### What to work on
The range runs from the line containing "No Stamp USA" through the last line of the material below; retype it exactly, leaving out the pictures.

==== Given information ====

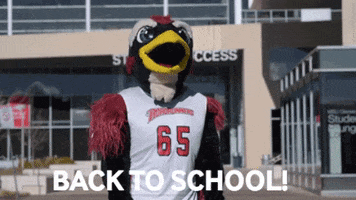 Back To School GIF by Rowdy the Roadrunner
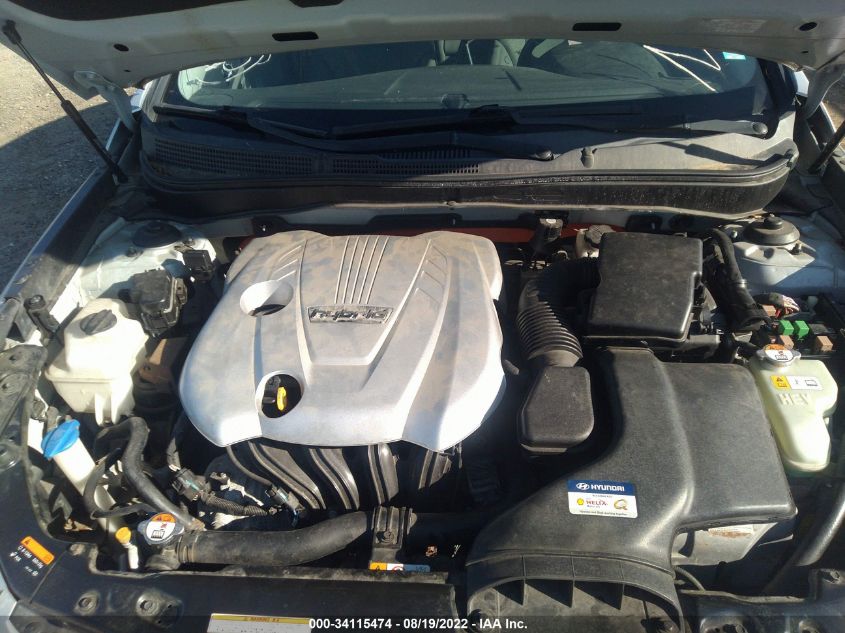2013 HYUNDAI SONATA HYBRID KMHEC4A40DA070969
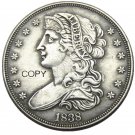 USA 1838 Liberty Facing Left Half Dollar Patterns Silver Plated Copy Coin No Stamp USA 1838 Liberty Facing Left Half Dollar Patterns Silver Plated Copy Coin No Stamp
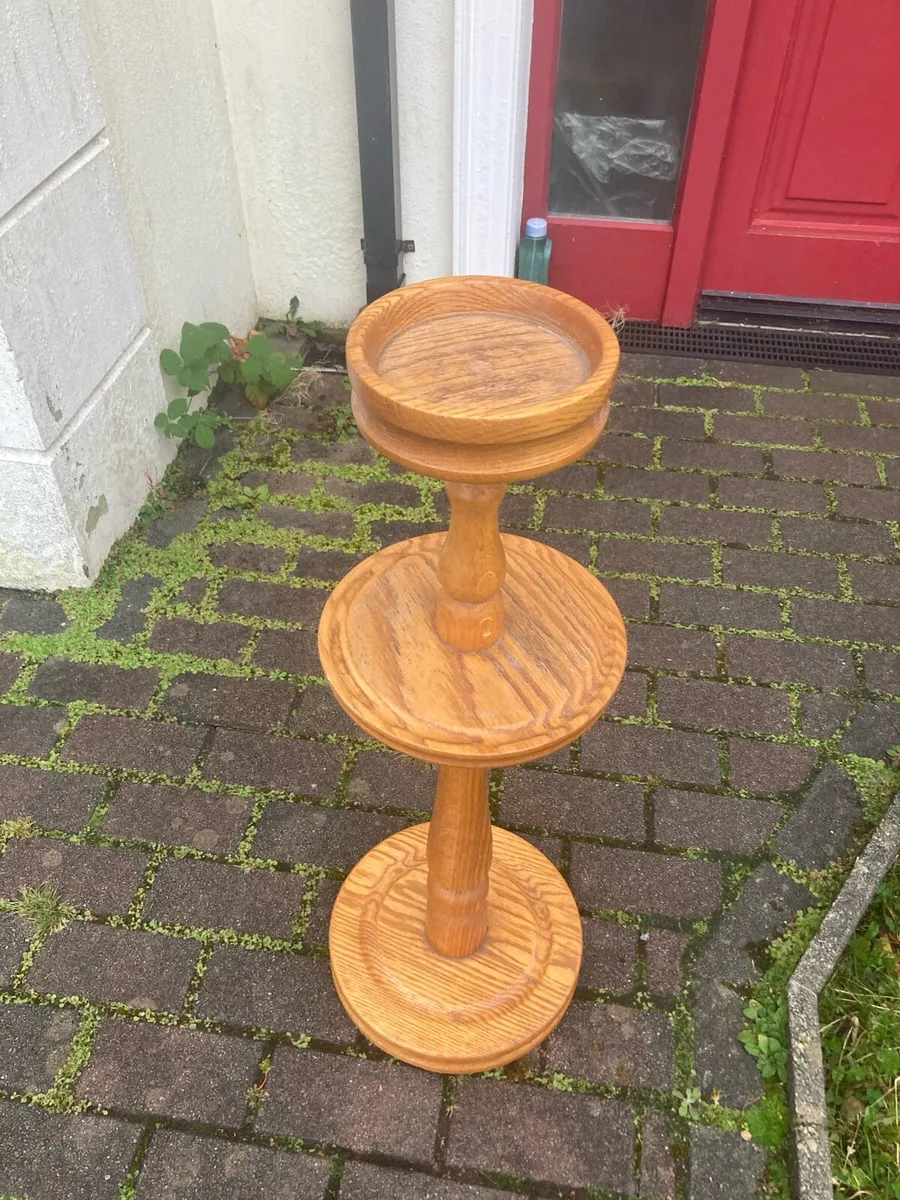 1920s vintage two tier smokers stand - Image 2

====

### Output for this task
 USA 1838 Liberty Facing Left Half Dollar Patterns Silver Plated Copy Coin No Stamp USA 1838 Liberty Facing Left Half Dollar Patterns Silver Plated Copy Coin No Stamp
 1920s vintage two tier smokers stand - Image 2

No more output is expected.